Vibo Valentia: ‘ndrangheta, faida, fermato boss cosca Mancuso

E’ uno dei capi della cosca Mancuso di Limbadi, Pantaleone Mancuso, 52 anni, fermato dai carabinieri. L’uomo, secondo l’accusa, avrebbe fornito appoggio alla cosca Patania per il tentato omicidio prima e l’omicidio poi di Francesco Scrugli, avvenuto il 21 marzo del 2012 nell’ambito della faida tra i Patania e Petrolo-Bartolotta di Stefanaconi e la cosiddetta ”societa’ di Piscopio”. Il fermo di Pantaleone Mancuso dimostra che nessuno è invincibile, è stato detto nel corso della conferenza stampa che ha seguito l’arresto. Al fermo si è arrivati anche grazie alle dichiarazioni dei collaboratori di giustizia Daniele Bono, Giuseppe Giampà e Loredana Patania, figlia di Fortunato, ucciso il 18 settembre del 2011 nell’ambito della stessa faida.

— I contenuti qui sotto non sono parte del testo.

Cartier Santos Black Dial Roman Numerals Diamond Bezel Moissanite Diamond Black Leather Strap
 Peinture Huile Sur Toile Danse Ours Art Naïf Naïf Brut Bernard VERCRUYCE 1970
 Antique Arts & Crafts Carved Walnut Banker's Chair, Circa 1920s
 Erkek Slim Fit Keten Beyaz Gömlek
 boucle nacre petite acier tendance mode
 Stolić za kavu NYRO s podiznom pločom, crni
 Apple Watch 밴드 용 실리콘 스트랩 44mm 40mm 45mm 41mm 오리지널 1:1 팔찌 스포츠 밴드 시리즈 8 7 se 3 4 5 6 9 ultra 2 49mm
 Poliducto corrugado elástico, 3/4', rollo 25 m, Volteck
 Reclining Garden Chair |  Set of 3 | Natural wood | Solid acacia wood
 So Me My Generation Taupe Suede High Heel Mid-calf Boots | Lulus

Utili si sono rivelate anche le dichiarazioni fatte dagli esecutori materiali dello stesso omicidio di Francesco Scrugli e di Giuseppe Matina e Davide Fortuna, due slavi che sarebbero stati al soldo dei Patania. La Dda di Catanzaro, nell’ambito della stessa inchiesta, ha emesso anche un altro ordine di cattura, nei confronti di Nunzio Manuel Callà, 26 anni, che risulta da tempo irreperibile.

Potrebbero interessarti anche...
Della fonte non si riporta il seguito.